EXTRACTED RECORDS ::
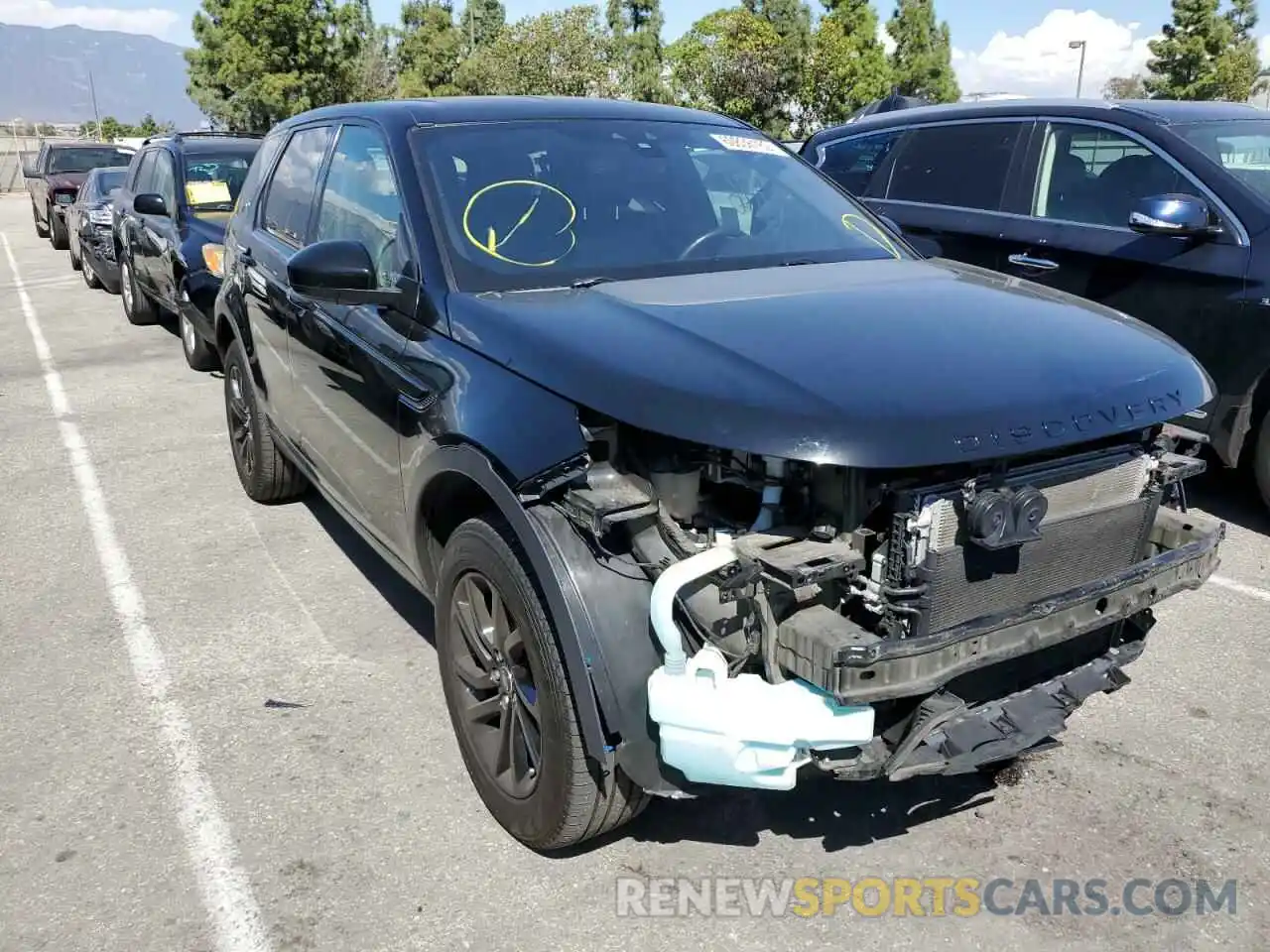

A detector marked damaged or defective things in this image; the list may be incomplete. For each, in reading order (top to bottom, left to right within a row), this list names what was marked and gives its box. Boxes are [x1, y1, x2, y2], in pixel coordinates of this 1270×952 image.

damaged hood [444, 256, 1206, 468]
damaged land rover discovery [213, 96, 1222, 853]
missing front bumper [802, 506, 1230, 706]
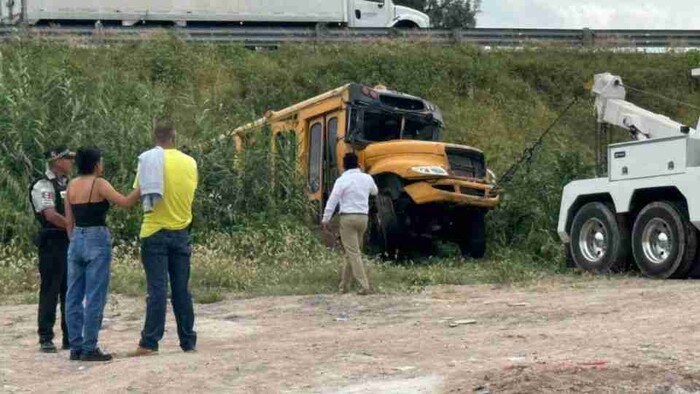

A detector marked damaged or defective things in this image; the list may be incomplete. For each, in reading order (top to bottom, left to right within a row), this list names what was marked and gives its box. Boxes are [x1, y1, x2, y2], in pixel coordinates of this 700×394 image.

crashed school bus [232, 84, 500, 258]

WHAT THIS TASK INVOLVES :: Set down nothing but the lines from the one containing "this 700×394 image." through the final line above, exactly as written.

OUTPUT OF THE TASK ::
A detector marked damaged or defective things in this image; the list may be incomplete. For each, in reading order (top to bottom, left to right within a row), this list names what was marked and gives its box. Boxes are [x1, y1, x2, y2], in pixel coordinates of this 700×394 image.

crashed school bus [232, 84, 500, 258]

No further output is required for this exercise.